Wednesday, April 13, 2011

Aim Adjustment

I spent the better part of my day with a bunch of coworkers traveling to and from a wake. I mean, it sounds like a joke, right? "A group of coworkers went to a wake..."

So there I am, trapped in a van with nothing to do but listen in on the conversation of four women, all of whom are getting married in the near future. They discussed ad nauseum the number of wedding dresses they had tried on, the numerous meetings they'd had to take with various caterers, their favorite trends in cake design, what islands they were considering for their honeymoons and even their favorite baby names.

And all I could think is "Jesus, I've got NOTHING in common with any of these people." It wouldn't be a big deal except that THESE people, these coworkers and fellow passengers of this Econoline van, make up the sum total of just about everyone I know in New York City, which is where I now live. For better or for worse.

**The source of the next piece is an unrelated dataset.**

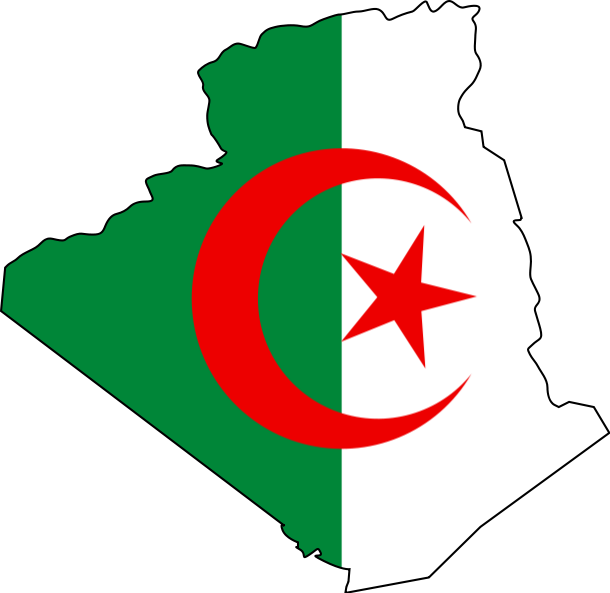 Algeria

And I wonder why I'm depressed.

Truth be told, I've been trying to keep some sort of perspective in the midst of being dealt a number of challenges from the universe. I'm in financially dire straits yet again. It is a state of being I'm far too familiar with, having been broke most of my 41 years. And at a certain point you kind of have to ask yourself what you're doing wrong. I mean, I work hard, don't I? I went back to school in my thirties and got my degree and set about getting what I thought would turn out to be my dream career.

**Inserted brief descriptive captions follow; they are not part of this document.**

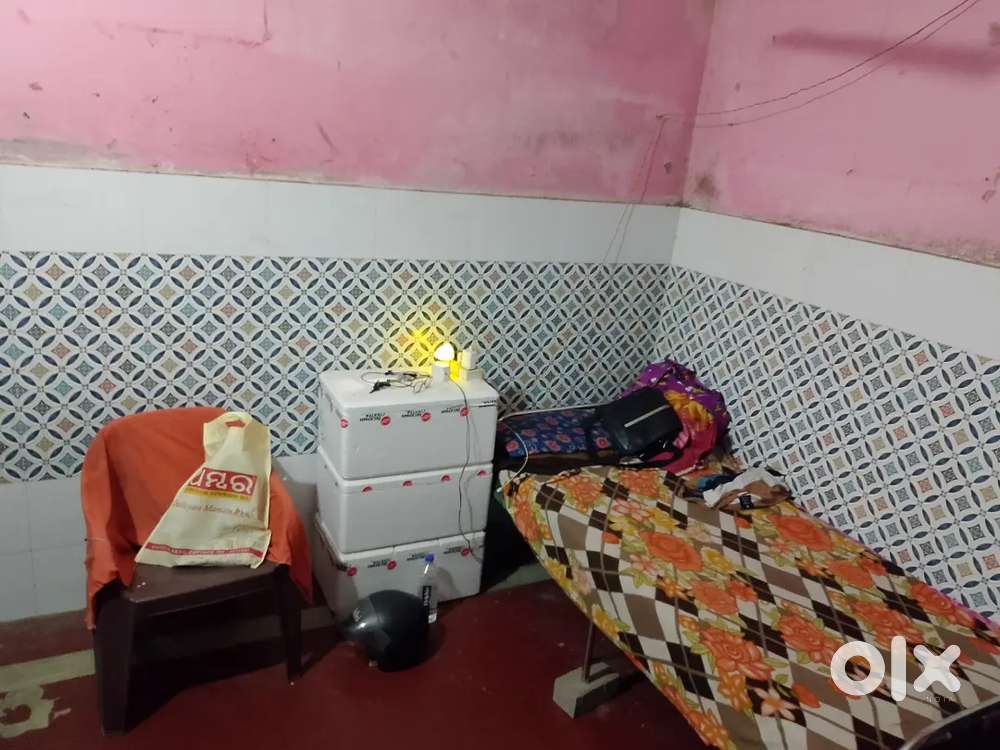 Balchaler allow for men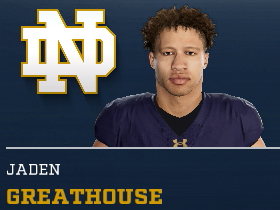 Jaden Greathouse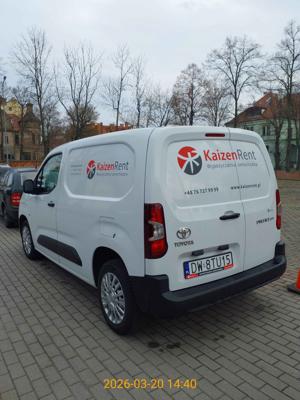 PROACE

When I got my "promotion" after four long years as one of the oldest assistants in the department, everyone was thrilled, telling me no one deserved it more. And now I'm alone and broke in NYC, but I get to be a publicist for a big movie studio in the greatest city in the world. But it could seriously be worse - I don't live in Japan. Gotta keep reminding myself of that.

But I also gotta ask myself, what am I doing here in this current situation and how do I get myself OUT of it? And moreover, why am I always in a situation I need to get myself out of? Why does everyone in the office seem to have a better quality of life that includes traveling and theater tickets and shoes and restaurants? Clearly I'm missing the mark. Not sure if it's bad eyesight, a faulty bow, crooked arrows or weak triceps, but I seriously need to readjust my aim.